German Foreign Minister Frank-Walter Steinmeier said the appointment of Bernd Muetzelburg, currently ambassador to New Delhi, underlined Berlin’s stance that regional neighbours had to be involved in efforts to bring peace to Afghanistan.
“After the elections in the United States, the U.S. government made clear that we will be dealing more with a regional approach in Afghanistan,” Steinmeier said.
“Mr Muetzelburg will be the contact person for U.S. envoy Mr Holbrooke who asked us during the Munich Security Conference last weekend to appoint a contact person.

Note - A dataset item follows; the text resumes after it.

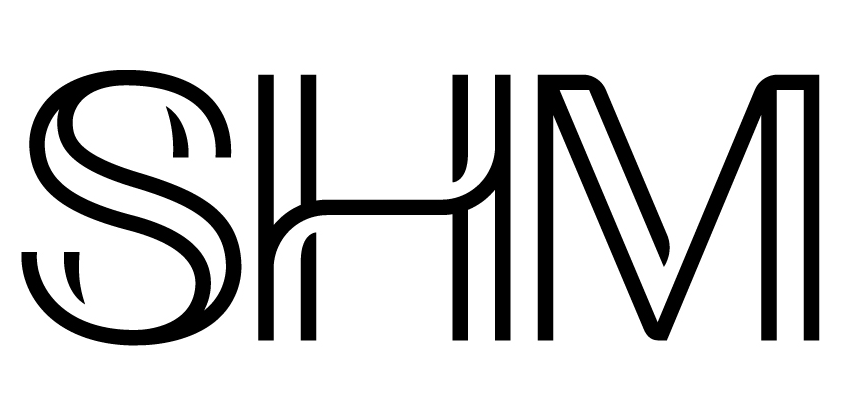 SHM Architects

I assume that other European countries will do the same,” he said.
Obama has pledged to make Afghanistan a foreign policy priority.
Washington is considering sending up to 25,000 more troops to Afghanistan, but also increasing spending on development assistance to undercut the insurgency now entrenched in the south and east and spreading north and west.
Germany has a parliamentary mandate to send up to 4,500 troops to Afghanistan as part of a NATO mission, and around 3,500 soldiers are deployed at present.
But Berlin says that military action alone will not solve the conflict and defends civilian reconstruction efforts.
Muetzelburg, 64, said Afghanistan was the biggest challenge the international community was facing at the moment.
“I’m looking forward to maybe working even closer with the U.S. government,” said Muetzelburg, who will be based in Berlin.
News of Muetzelburg’s appointment created a stir in Berlin over the weekend, with some media saying Chancellor Angela Merkel was unhappy about the decision by Steinmeier’s ministry.
Muetzelburg, 64, was an influential foreign policy adviser to former German Chancellor Gerhard Schroeder at a time when Berlin clashed with Washington over the U.S.-led invasion of Iraq and Germany forged close relations with Russia.
The conservative Merkel and the Social Democratic Steinmeier, who rule in an uneasy grand coalition government, are to face each other in an election in September.
Merkel’s spokesman Ulrich Wilhelm told a news conference he welcomed Muetzelburg’s appointment, but added that the chancellery had been informed about his nomination but that the appointment had not been coordinated.